客户端发送真正的文本消息之前，先发送消息的字节长度，通知服务器端先声明出足够大的缓存区域来存储消息。

上述代码编译成二进制可执行文件后，现在第一个窗口运行服务器端，指定/tmp/socket为套接字文件所在。

$ ./socket-server /tmp/socket

在另一个窗口运行客户端。

$ ./socket-client /tmp/socket “Hello, world.”
$ ./socket-client /tmp/socket “This is a test.”

如果要中止连接，运行

$ ./socket-client /tmp/socket “quit”

网络套接字

不同电脑上的两个进程间通信使用网络套接字机制。

创建网络套接字时，域名类型要标记为PF_INET。

网络套接字的地址标注在sockaddr_in结构体中。必须将sin_family域设置为AF_INET，表示这是一个本地域名；sin_addr域为32位IP地址。网络套接字地址包括IP地址和端口号两项。因为不同系统会讲多字节数据按不同的顺序存储，一定要用htons将端口数转换为网络字节顺序(network bytes order)。在Linux手册ip项查看详情。

可以使用gethostname函数将十进制IP地址转换为32位二进制格式。该函数返回一个hostent类型结构体的指针，其h_addr域包含了主机IP。

#include <stdlib.h> 
#include <stdio.h> 
#include <netinet/in.h> 
#include <netdb.h> 
#include <sys/socket.h> 
#include <unistd.h> 
#include <string.h>

/* Print the contents of the home page for the server’s socket. 
 * Return an indication of success. 
 */
void get_home_page (int socket_fd) 
{
	char buffer[10000];
	ssize_t number_characters_read;
	
	/* Send the HTTP GET command for the home page. */ 
	sprintf (buffer, “GET /\n”);
	write (socket_fd, buffer, strlen (buffer));
	
	/* Read from the socket.

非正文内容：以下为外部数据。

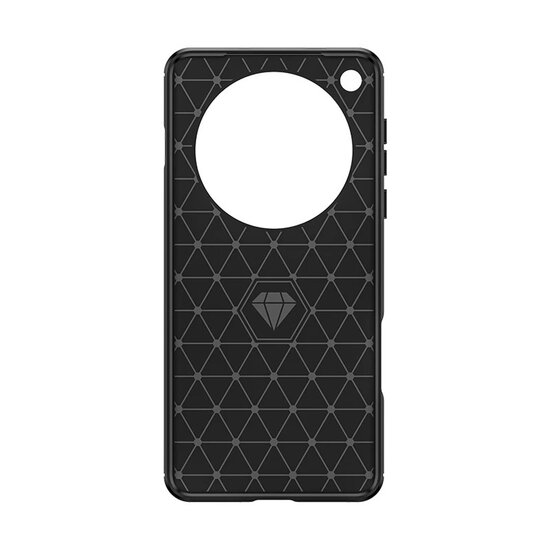 Oppo Find X8 Pro Hoesje - MobyDefend TPU Backcover - Geborstelde Metaal &amp; Carbon-Look - Zwart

The call to read may not return all the data at one time, 
	 * so keep trying until we run out. 
	 */ 
	 
	while (1) {
		number_characters_read = read (socket_fd, buffer, 10000); 
		if (number_characters_read == 0)
			return;
		/* Write the data to standard output. */
		fwrite (buffer, sizeof (char), number_characters_read, stdout);
	} 
}

int main (int argc, char* const argv[]) 
{
	int socket_fd;
	struct sockaddr_in name; 
	struct hostent* hostinfo;
	
	/* Create the socket. */
	socket_fd = socket (PF_INET, SOCK_STREAM, 0);
	/* Store the server’s name in the socket address. */ 
	name.sin_family = AF_INET;
	/* Convert from strings to numbers. */
	hostinfo = gethostbyname (argv[1]);

	if (hostinfo == NULL)
		return 1; 
	else
		name.sin_addr = *((struct in_addr *) hostinfo->h_addr); 
	
	/* Web servers use port 80. */
	name.sin_port = htons (80);
	/* Connect to the Web server */
	
	if (connect (socket_fd, &name, sizeof (struct sockaddr_in)) == -1) {
		perror (“connect”);
		return 1; 
	}

	/* Retrieve the server’s home page. */ get_home_page (socket_fd);

	return 0;
}

使用如下命令，来查看www.bing.com的网页：

$ ./socket-inet www.bing.com <html>

<meta http-equiv=”Content-Type” content=”text/html; charset=iso-8859-1”> 
...

套接字对

sockerpair函数可以给本地进程创建两个套接字文件描述符，允许进程双向通信。